The first piece, as The New American reported, opened with a fictitious scenario in which Trump refuses to leave office, then detailed the efforts of “scenario planners” who are wondering what to do if Trump seizes power from a legally elected Joe Biden, the Democratic nominee.
Then came an opinion piece from the Times’s Roger Cohen. He is certain Trump will stop at nothing, and said just that. “Trump is a coward,” the courageous Cohen opined. “Perhaps if Biden wins, the president will skulk out of the White House like the little boy he is who never grew into a man. And the nightmare will be over. I don’t think so. The chances are growing that Trump will not concede in the event of a Biden victory, that he may encourage violence and use the fear and division spread by the virus to extend autocratic power.
Trump is a doughnut. There is a hole in the middle of him where honesty, humanity, decency, morality and dignity never formed. …
Behind this oversized, sticky, misshapen doughnut of a president the hard diamond of recoverable truth lurks. To seize it, and save the Republic, requires the certain knowledge that Trump will stop at nothing between now and Nov. 3.
Two days later, Slate explained that “he wouldn’t get away with it; those around him would almost certainly advise him against it, if he asked.”
That’s because the military and Secret Service would abandon him.
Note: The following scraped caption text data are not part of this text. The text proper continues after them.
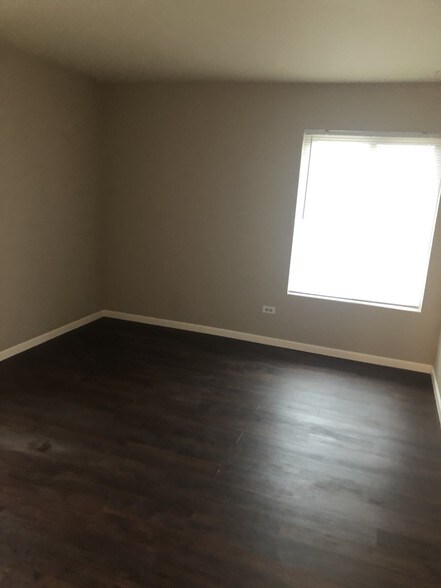 Building Photo - 6142 Knoll Wick Rd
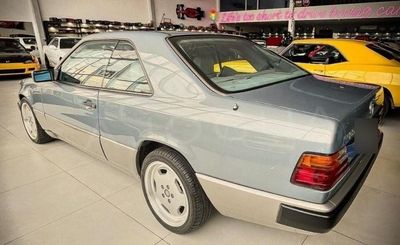 Mercedes-Benz 300D miniatura 3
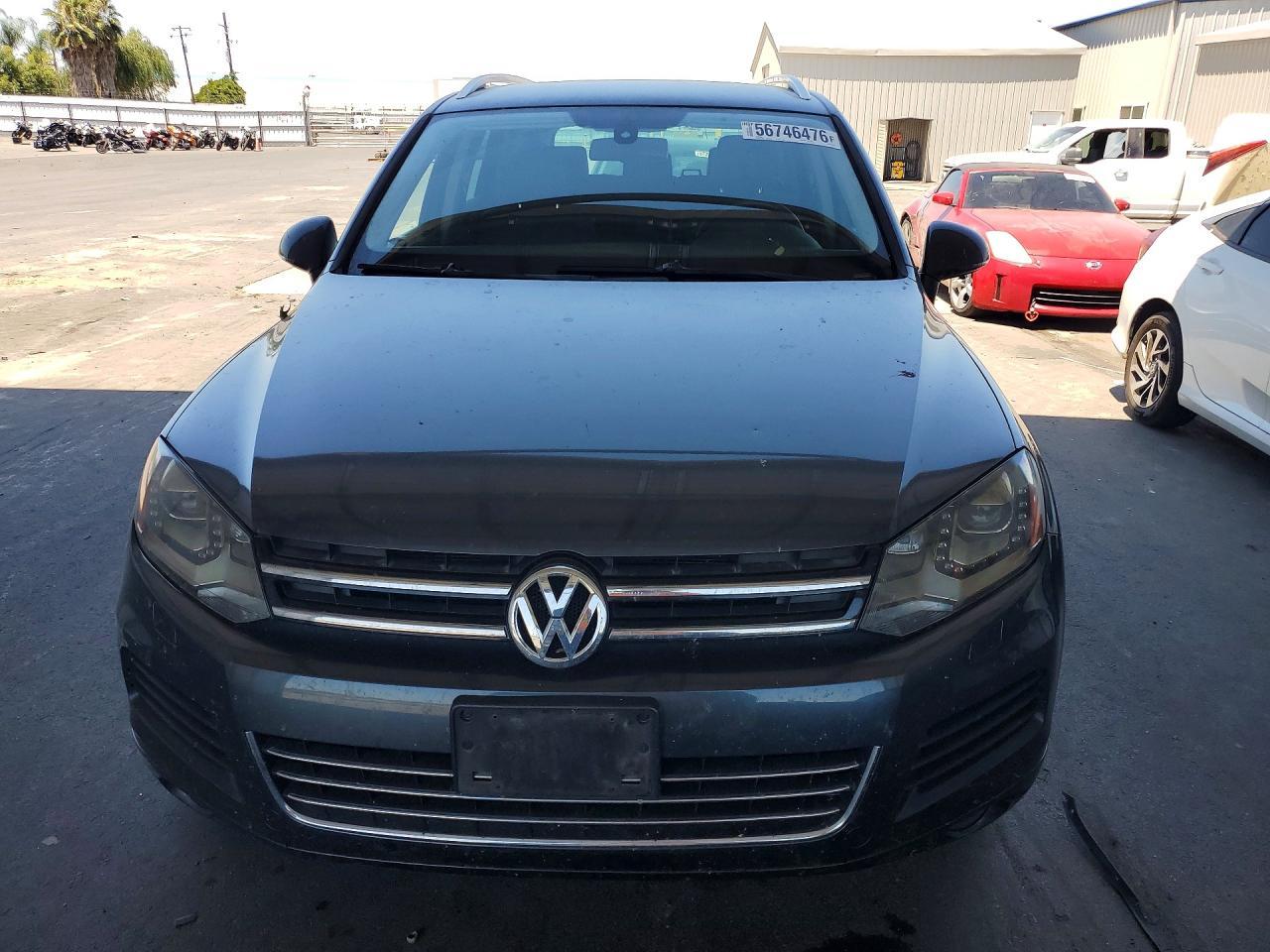 2013 Volkswagen Touareg V6 - Фото 5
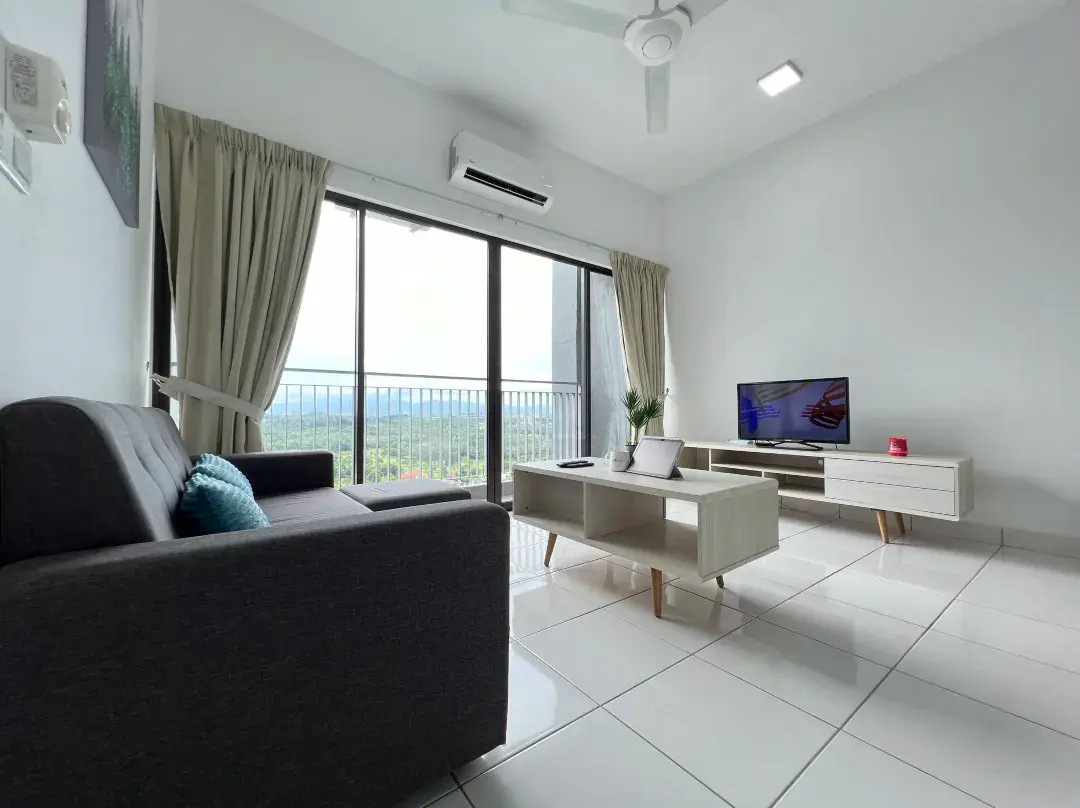 Residensi Lili 10 Mins To Aeon Nilai Shopping Mall Pool View 5pax By Beestay - Sepang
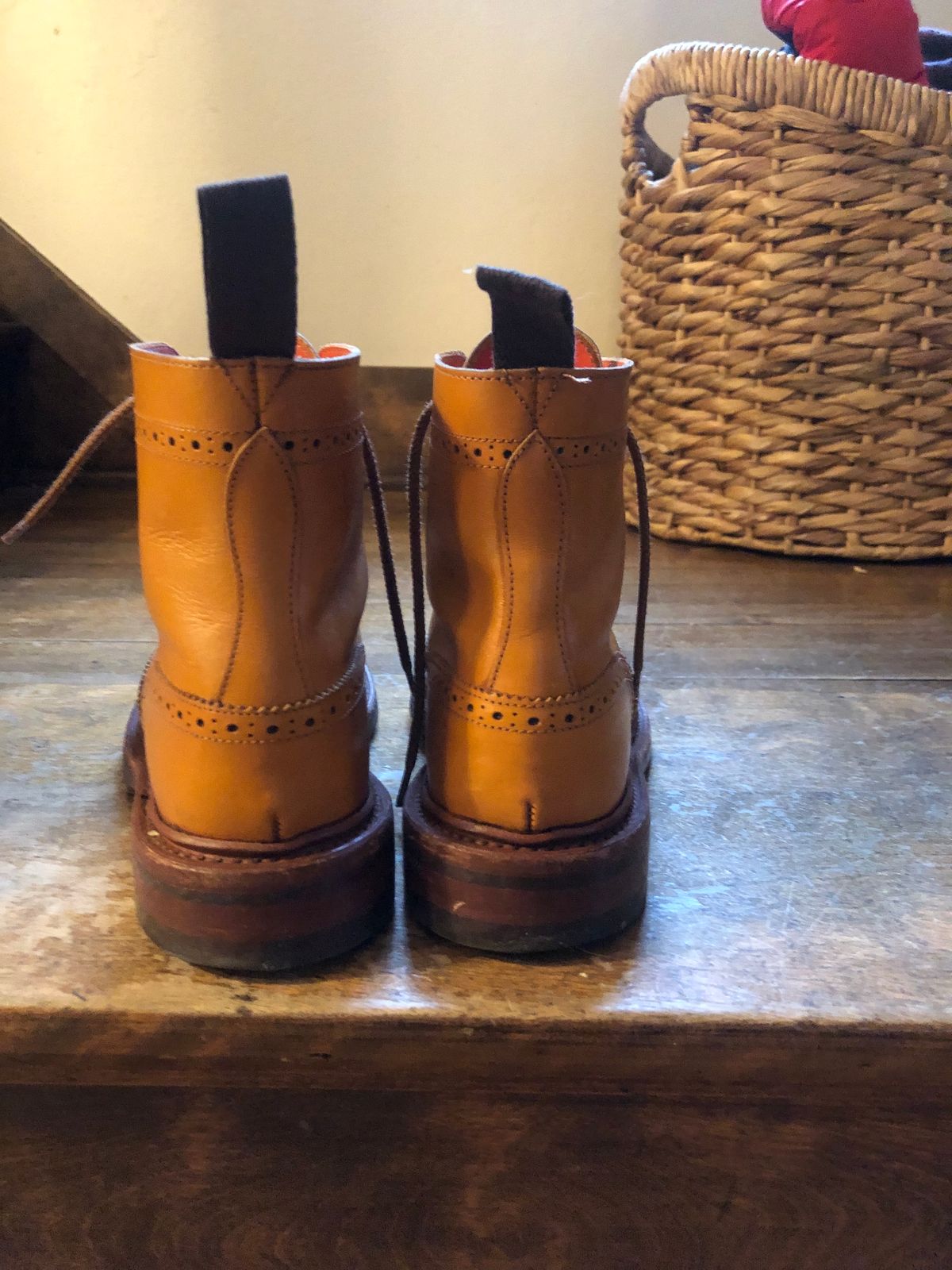 Photo by aganz on January 4, 2023 of the Tricker's Unknown Model in Acorn Antique.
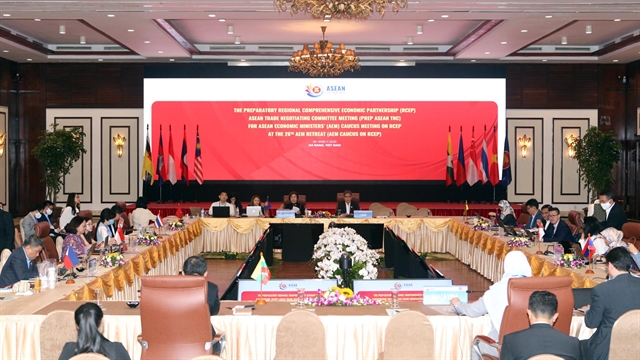 Participants at the Regional Comprehensive Economic Partnership (RCEP) meeting in Đà Nẵng.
Foreign countries would not recognize his ambassadors. He would be arrested at least for criminal trespass on Inauguration Day. And he would be charged with inciting an insurrection if he ordered the military to prevent Biden from taking office.
That obvious truth appears not to have occurred to Filkins and Cohen or to Barbara McQuade, former U.S. attorney for the Eastern District of Michigan.
Writing in The Atlantic in February, McQuade’s evidence for Trump’s predicted perfidy is this:
The Rev. Jerry Falwell Jr., joked about the failed impeachment attempt. “I now support reparations,” he tweeted. “Trump should have 2 yrs added to his 1st term as pay back for time stolen by this corrupt failed coup.”
Worse still, Trump retweeted Falwell and joked about it himself!
Trump’s former attorney Michael Cohen says the possibility is all too real: “Given my experience working for Mr. Trump, I fear that if he loses the election in 2020, there will never be a peaceful transition of power.”
First Anti-Trump Conspiracy
The latest anti-Trump conspiracy is of a piece with the idea that Trump would refuse to accept the election result if Clinton prevailed.
Clinton herself called Trump “a direct threat to our democracy” because he suggested he might challenge the election result — just as Al Gore did when George Bush defeated him in 2000.
Amusingly, it was Clinton and the Democrats, along with their army of street thugs, who refused to accept the election result with riots, the Russia collusion hoax, and the failed impeachment.